I fail at updating this blog. Okay. Moving on.
The past few posts having been about unleashing it all. Well, I got the theme from the title of this years fashion show theme "Unleased." Yep. There's the answer to the mystery all you readers have been pondering about for hours. (I just like to think that my blog is all you guys think about. It helps feed my narcissistic ego).
So I "unleashed" it all this year for my fashion show. Okay, I'm a bit sick of typing out that word over and over again. I did 12 pieces this year, four mens, and started basically three months later than last year. The week before the show I was up every night till three in the morning but if this is what passion is, then I am definitely passionate because I would not trade it for anything. But this post is not about my show. This brief paragraph is just to explain or give an excuse for my lack of updates.

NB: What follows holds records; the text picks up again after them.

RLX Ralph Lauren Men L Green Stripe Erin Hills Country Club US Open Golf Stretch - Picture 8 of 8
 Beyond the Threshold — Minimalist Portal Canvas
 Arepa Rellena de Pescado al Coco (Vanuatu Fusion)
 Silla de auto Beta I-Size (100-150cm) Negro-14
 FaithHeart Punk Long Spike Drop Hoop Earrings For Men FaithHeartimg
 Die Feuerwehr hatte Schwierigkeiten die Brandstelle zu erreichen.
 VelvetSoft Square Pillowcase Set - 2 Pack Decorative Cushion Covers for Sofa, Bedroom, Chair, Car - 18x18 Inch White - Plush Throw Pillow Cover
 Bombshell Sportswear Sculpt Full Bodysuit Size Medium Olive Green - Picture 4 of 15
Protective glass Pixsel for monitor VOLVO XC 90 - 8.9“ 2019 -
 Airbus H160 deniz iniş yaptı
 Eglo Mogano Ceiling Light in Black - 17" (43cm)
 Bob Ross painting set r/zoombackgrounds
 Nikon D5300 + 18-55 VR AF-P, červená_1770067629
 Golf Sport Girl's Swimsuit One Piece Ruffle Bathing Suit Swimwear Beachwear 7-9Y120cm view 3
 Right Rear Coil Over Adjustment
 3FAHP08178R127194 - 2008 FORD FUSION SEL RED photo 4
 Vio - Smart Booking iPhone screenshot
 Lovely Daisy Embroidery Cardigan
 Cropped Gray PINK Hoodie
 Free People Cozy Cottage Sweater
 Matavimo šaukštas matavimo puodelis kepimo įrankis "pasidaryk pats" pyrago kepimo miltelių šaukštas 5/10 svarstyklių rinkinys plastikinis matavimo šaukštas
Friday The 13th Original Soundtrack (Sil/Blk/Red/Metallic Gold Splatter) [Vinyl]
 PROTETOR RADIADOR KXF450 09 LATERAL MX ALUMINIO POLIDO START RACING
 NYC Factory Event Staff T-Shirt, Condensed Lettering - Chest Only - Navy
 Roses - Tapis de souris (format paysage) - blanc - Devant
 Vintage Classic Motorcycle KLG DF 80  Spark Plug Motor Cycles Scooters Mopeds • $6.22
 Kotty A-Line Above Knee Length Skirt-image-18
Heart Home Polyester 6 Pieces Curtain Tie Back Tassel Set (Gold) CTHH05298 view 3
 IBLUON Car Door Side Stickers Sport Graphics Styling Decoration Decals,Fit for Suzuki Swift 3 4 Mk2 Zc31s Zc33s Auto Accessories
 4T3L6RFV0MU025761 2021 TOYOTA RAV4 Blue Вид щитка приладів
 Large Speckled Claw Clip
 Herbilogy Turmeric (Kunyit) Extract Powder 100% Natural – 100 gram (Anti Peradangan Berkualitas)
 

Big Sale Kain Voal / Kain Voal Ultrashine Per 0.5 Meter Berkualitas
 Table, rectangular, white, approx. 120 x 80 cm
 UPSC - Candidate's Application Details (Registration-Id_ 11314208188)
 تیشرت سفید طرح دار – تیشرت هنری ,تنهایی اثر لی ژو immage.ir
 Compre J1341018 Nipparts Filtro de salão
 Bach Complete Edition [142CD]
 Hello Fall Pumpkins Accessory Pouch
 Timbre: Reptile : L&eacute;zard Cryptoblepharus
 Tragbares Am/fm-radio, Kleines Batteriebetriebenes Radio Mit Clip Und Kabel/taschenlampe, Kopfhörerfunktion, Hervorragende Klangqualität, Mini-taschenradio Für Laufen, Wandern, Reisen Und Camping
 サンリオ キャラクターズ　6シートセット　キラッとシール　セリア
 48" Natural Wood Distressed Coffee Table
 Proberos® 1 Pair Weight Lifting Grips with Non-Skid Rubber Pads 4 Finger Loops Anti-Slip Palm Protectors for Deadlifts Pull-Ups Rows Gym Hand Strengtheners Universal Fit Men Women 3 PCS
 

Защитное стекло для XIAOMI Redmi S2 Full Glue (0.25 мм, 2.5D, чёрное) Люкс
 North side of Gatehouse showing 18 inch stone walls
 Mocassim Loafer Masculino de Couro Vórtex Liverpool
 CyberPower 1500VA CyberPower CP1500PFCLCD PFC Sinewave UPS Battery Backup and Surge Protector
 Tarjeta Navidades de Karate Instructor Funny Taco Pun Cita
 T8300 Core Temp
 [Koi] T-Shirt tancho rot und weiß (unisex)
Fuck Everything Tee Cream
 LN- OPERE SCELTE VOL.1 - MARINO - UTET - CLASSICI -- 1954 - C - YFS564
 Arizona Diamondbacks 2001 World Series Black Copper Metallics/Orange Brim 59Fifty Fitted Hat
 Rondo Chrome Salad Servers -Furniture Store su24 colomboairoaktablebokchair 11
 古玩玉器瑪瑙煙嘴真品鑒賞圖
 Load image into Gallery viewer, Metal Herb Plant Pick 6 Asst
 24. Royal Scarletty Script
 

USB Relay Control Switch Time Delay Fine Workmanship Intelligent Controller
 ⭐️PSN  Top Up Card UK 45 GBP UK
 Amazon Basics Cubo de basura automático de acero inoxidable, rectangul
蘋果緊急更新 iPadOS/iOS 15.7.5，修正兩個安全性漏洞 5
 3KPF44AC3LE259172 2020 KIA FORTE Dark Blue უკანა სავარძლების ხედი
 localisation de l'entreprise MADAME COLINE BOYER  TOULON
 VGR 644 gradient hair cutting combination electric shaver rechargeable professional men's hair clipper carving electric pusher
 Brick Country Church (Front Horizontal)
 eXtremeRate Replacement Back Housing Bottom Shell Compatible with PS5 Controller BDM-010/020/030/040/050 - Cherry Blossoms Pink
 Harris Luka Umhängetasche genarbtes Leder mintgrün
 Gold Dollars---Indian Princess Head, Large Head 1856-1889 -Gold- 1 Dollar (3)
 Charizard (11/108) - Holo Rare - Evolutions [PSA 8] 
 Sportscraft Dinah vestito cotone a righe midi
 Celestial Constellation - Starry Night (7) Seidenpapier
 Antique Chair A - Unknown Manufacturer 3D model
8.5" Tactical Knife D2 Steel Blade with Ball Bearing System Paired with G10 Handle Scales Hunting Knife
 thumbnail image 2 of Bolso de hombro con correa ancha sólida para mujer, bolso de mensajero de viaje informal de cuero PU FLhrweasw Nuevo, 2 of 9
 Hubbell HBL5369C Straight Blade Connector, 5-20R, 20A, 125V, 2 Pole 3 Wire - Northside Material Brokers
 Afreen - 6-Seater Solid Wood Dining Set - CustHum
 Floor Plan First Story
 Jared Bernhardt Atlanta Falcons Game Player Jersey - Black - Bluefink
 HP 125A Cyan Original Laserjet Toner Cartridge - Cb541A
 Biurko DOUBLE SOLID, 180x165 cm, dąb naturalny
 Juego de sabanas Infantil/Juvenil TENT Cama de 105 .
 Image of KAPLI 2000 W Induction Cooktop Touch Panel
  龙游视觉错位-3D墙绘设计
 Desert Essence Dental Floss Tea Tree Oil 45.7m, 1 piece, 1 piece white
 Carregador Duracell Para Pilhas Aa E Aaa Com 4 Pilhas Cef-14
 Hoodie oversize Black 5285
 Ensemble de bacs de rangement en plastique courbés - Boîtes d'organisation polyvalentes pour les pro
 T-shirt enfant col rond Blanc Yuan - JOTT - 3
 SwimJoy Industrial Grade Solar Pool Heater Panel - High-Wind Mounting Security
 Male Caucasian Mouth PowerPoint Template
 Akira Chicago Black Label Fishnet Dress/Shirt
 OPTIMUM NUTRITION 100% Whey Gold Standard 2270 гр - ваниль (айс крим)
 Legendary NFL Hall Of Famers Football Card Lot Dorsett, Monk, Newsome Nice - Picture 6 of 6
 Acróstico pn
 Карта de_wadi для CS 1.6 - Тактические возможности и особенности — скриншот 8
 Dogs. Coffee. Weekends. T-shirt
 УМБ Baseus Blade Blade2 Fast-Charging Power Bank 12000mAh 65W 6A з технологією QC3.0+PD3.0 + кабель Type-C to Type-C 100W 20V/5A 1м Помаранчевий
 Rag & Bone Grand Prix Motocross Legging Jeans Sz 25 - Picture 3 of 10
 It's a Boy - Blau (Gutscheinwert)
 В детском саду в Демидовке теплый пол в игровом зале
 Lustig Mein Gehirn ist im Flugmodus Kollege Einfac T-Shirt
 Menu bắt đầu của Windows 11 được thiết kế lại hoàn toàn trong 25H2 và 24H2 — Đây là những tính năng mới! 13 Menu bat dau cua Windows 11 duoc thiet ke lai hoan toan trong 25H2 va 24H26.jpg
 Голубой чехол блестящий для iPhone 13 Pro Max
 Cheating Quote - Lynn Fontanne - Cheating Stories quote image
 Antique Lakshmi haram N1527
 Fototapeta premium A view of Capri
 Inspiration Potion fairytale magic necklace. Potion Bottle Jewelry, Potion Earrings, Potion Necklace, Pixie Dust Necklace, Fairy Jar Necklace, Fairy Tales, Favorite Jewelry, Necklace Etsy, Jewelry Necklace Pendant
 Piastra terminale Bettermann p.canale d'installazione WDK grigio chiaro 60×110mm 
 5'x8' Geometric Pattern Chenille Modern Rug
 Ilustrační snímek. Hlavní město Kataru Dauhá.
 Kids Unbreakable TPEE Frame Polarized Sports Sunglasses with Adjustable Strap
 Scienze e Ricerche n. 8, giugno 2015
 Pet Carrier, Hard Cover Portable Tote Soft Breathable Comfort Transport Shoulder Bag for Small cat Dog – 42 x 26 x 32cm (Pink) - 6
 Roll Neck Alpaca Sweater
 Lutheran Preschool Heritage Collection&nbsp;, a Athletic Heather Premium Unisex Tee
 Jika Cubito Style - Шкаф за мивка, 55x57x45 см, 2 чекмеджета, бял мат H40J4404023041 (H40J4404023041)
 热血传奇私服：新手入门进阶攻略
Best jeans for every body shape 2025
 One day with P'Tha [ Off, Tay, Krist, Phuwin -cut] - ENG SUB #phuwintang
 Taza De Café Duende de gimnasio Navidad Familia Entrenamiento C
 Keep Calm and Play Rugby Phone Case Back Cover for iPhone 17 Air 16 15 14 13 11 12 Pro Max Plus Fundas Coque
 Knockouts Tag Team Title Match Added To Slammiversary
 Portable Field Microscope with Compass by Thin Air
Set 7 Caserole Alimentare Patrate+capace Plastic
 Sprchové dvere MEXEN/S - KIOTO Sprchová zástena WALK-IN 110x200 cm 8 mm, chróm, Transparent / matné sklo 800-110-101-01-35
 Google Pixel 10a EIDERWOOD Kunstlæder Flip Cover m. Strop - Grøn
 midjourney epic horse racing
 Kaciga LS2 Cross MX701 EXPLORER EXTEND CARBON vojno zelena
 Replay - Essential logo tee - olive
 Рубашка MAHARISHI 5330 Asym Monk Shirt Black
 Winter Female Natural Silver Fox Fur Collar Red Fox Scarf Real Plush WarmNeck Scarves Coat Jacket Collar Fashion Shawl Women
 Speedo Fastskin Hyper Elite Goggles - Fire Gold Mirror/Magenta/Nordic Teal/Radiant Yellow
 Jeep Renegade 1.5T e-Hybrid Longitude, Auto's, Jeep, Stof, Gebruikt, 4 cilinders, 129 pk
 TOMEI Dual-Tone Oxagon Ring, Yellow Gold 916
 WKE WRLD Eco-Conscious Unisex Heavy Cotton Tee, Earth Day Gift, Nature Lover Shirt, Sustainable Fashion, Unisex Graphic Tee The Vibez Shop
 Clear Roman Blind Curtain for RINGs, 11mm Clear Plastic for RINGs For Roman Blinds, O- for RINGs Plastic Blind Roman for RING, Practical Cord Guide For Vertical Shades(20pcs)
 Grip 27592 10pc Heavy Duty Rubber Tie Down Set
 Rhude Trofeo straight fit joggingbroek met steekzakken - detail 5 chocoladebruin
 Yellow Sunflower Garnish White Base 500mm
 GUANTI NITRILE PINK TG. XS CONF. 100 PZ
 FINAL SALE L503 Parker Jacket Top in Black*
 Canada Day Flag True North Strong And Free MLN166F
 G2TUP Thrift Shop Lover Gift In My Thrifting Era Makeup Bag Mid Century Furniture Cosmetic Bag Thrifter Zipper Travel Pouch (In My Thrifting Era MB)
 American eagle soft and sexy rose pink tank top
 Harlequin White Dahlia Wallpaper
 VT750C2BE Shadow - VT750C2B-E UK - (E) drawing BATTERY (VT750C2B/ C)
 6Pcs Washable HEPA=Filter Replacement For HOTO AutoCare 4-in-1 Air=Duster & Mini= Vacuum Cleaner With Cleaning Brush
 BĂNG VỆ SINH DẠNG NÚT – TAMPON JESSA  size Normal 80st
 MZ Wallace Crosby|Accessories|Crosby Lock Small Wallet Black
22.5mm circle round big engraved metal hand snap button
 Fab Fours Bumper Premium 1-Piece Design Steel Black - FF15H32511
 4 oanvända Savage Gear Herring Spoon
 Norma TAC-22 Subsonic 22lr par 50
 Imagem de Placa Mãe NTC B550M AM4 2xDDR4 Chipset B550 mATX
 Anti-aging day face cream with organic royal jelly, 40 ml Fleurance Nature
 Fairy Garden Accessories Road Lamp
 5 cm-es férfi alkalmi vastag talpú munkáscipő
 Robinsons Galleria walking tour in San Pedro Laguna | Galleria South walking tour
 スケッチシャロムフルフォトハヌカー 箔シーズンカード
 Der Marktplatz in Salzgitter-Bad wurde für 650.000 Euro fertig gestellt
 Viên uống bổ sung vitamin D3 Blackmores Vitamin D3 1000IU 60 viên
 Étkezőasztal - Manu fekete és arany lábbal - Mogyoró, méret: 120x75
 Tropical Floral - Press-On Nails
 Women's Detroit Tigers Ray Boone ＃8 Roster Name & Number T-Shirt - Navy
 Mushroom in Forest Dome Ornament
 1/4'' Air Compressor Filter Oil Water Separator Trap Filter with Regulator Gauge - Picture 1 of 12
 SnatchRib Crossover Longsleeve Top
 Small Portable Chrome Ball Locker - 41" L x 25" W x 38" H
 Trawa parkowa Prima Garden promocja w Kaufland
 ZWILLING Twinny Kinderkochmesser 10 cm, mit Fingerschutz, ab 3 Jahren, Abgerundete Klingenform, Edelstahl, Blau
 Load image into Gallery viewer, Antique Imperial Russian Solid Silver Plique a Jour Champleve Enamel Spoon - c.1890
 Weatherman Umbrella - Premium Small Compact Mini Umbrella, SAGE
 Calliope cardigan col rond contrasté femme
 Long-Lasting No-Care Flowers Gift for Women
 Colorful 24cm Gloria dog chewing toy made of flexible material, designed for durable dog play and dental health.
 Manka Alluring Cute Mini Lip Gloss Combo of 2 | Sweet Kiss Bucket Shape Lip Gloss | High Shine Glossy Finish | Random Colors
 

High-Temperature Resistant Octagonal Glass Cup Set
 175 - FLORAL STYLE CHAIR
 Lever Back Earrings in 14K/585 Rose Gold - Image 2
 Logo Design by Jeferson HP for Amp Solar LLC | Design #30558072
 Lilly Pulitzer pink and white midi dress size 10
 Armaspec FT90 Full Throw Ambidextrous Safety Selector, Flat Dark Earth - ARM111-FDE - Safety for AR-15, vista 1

This post is about something else entirely. Undie run.
At my school we have a tradition that during the Wednesday of finals week each quarter. Students come together and run a brief course around campus in their undies. A bit pervy? Why yes. But fun nonetheless especially when one is a little over elated due to certain substances that alter the brain and one's emotions. Men and women, fat and skinny, dark and pale come out to celebrate and release the stress each quarter by running around in boxers, boy shorts, bras, and dear lord, socks. They run around care free uninhibited by their nearly nude attire. For the past two years I have stayed inside, fully clothed, and criticizing the point of undie run - "why isn't this just a great excuse for guys to see girls dressed all skimpy or isn't it just sexual assault waiting to happen?". That was then.
This last quarter I, Lala, donned my sequined bra that I picked up in a flea market in Milan (my roomie chose the red satin bra with white feathers) and my trusty ole south park boxers and ran around campus like all the other undie runners that I had once criticized. I titled this post "Really Unleashing it All" because literally and figuratively I did. I have never thought of myslef as having a great body. In my happy moods and perhaps after running four miles I would see myself as having a good body at most. Other times it would be decent or average but never would I see myself as someone who would be brave enough to wear anything not covering my tummy or my thighs. I'm not the type of girl who wears bikinis. When I go to the beach with my friends I cover my suit up with a giant tee and shorts. Perhaps it was the conservatism I grew up with in my family or just the fact that I was not comfortable enough with my body to wear something so revealing. But this time with my undie run experience, I was ready. I think I have finally reached to point in my life that I really love my body and appreciate the way I look (although morning mirror scares are still common) that I was able to for that one hour to be free with myself and not care what other people think.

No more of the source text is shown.